I recently came across a document that perfectly illustrates this last point: a power point presentation by a senior Federal Reserve Bank research economist, given at a conference aimed at school teachers specializing in economics.
I have no desire to single-out the economist in question, who I will therefore refer to simply as “our economist.” On the contrary: I offer his presentation as an example of the all-too common tendency for otherwise competent monetary economists (and our economist is in fact very accomplished) to misread the historical record regarding potential alternatives to central banking and to otherwise give such alternatives short shrift.

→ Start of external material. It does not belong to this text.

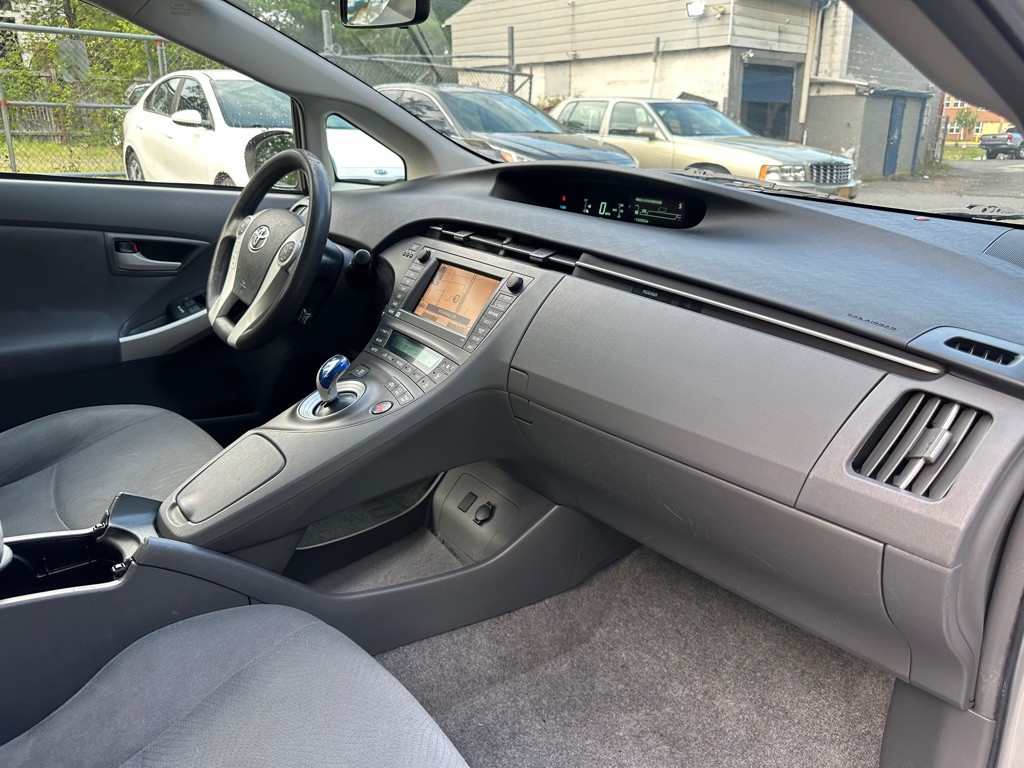 2010 Toyota Prius Image 25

This unfortunate tendency rests in part on the fact that most economics graduate programs stopped teaching any sort of economic history decades ago (our economist earned his PhD in the early 1990s), while burdening their students with enough mathematics and statistics to all but guarantee that they never so much as crack open a book on the subject. But the trouble isn’t just that many monetary economists don’t know their monetary history: it’s that they know, and teach, monetary history that ain’t so. That’s what our economist did when he lectured a roomful of teachers on the merits of central banks and “Alternative Monetary Systems.”
The first sign of our economist’s limited awareness of “Alternative Monetary Systems” appears in a slide listing the topics he plans to address. These are: (1) “What is Money?”; (2) “Methods of Monetary Policy”; (3) “Central Banks”; and (4) “Central Banks vs. Commodity Standard.” The last dichotomy makes little sense, both because central banks and commodity standards, far from being mutually exclusive, coexisted for much of the early history of the former, and because one can have a fiat monetary standard without having a central bank—as the U.S. did between 1863 and 1879 and as Hong Kong and other places equipped with currency boards do today.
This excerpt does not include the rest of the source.